Sin da molto giovane Eduardo Galeano si è avventurato a scrivere, un talento innato che coglieva la saggezza del grande cosmo. Era il suo destino di militante. Il suo compito umano di risvegliare coscienze, attraverso la sua penna, incoraggiando fervidamente le generazioni a comprendere il senso della vita, il senso della lotta sociale ed il senso di denunciare il potere, per smantellare quella corrente nociva dell'impunità che regnava nei giorni delle dittature, così come nei giorni delle democrazie.
Non pochi cittadini dell'America Latina, dell'America Latina ‘delle vene aperte’, sentiranno - sentiremo - la sua assenza, nella quotidiana battaglia contro le ingiustizie e le differenze sociali.
Molte figure come Eduardo Galeano hanno sfilato dietro le quinte della storia dell'umanità, come militanti. E molti di questi esseri hanno già raggiunto l'immortalità. In questo terzo millennio che inizia, il turno dell'addio è toccato a lui. E si sente. Ci commuove. A livello personale e professionale.
Chi era rimasto cieco (e lo è ancora ai valori della convivenza umana, alleandosi con i valori materiali del capitalismo perverso, senza badare se la propria comodità magari si erge sulle fondamenta dell’egoismo, del sangue e della morte) ha costantemente insultato e cospirato contro Eduardo Galeano, come appunto in quei giorni in cui, risiedendo a Buenos Aires, dopo il colpo militare in Uruguay, la “Triple A” lo minacciò di morte. Era redattore di un mezzo stampa negli anni virulenti del terrorismo di Stato impiantato dallo stivale militare argentino.
Ricordo Eduardo Galeano mentre ci incrociamo lungo i corridoi di Canal 4 - scambiandoci due parole - negli anni 90, inizio del duemila, quando ci lasciava la sua voce, la sua figura ed il suo dono di parola, nel programma di Omar Gutiérrez o in altri programmi giornalistici del palinsesto televisivo di diversi canali di Montevideo. Lo ricordo nei suoi interventi televisivi, magistrali ed istruttivi, inseriti in un ciclo di puntate trasmesse da "TV ciudad", prodotto in Argentina.
Più recentemente, lo ricordo manifestando davanti all’ingresso della Suprema Corte di Giustizia il giorno in cui la Giudice Mariana Motta venne letteralmente esclusa dalle indagini su militari che avevano violato i Diritti Umani; lo ricordo ancora pochi giorni dopo in un’altra manifestazione riguardanti lo stesso tema, nella Plaza Libertad di Montevideo.

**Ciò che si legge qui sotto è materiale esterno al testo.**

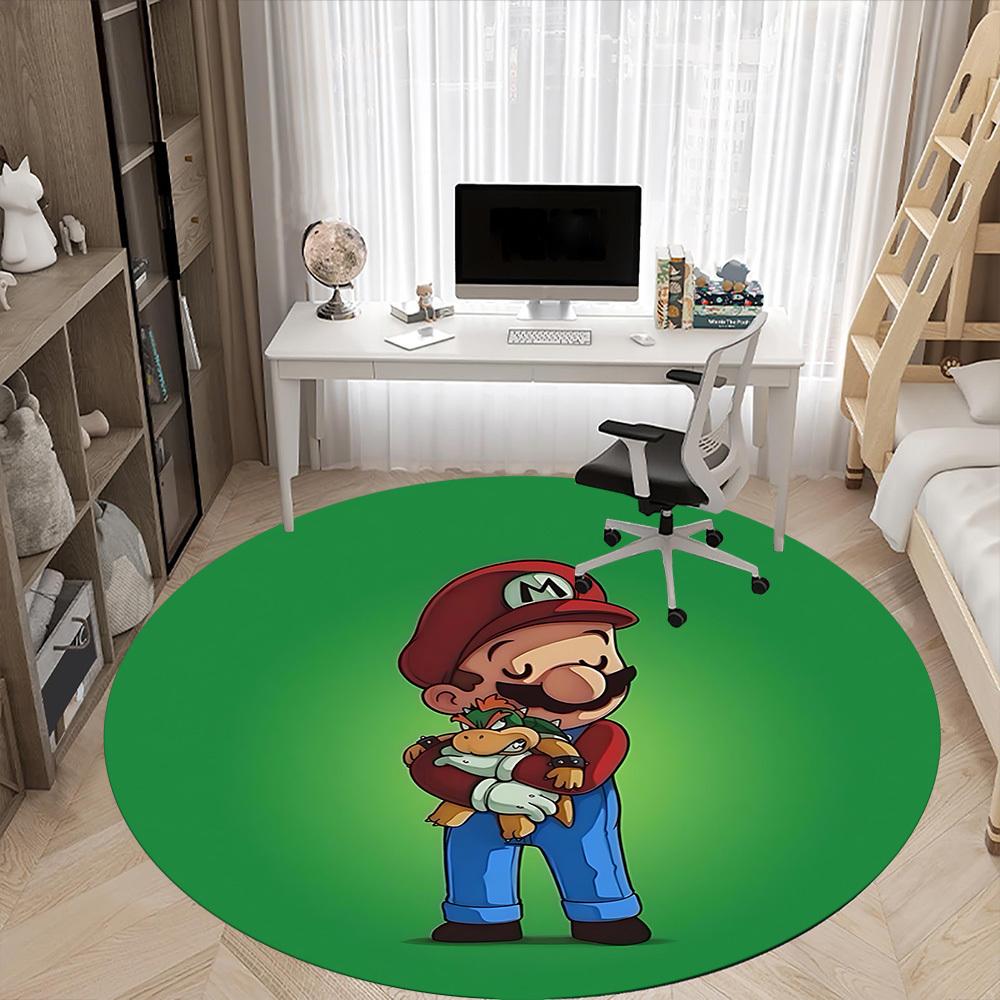 M-Mario Office Round Area Rug, Under Office Chairs Bedroom Living Room Home Decor a1022302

E ancora molto più vicino ai nostri giorni, ho il ricordo molto vivo della sua adesione alla causa dei paraguaiani, in occasione della manifestazione che abbiamo realizzato in Plaza de la Democracia, ad Asunción, nel novembre dello scorso anno, 2014: “Voglio aggiungere il mio nome alle dichiarazioni di condanna contro le esecuzioni di contadini e giornalisti che stanno seminando orrore nella mia amata terra paraguaiana. Chi come me conosce ed ama questo paese sa per esperienza che è il terrorismo messo in atto dal potere ad agire mascherato per assassinare impunemente coloro che difendono le loro tormentate terre e la loro libertà di espressione”, scrisse per noi nella sua adesione al popolo paraguaiano pochi giorni prima della manifestazione.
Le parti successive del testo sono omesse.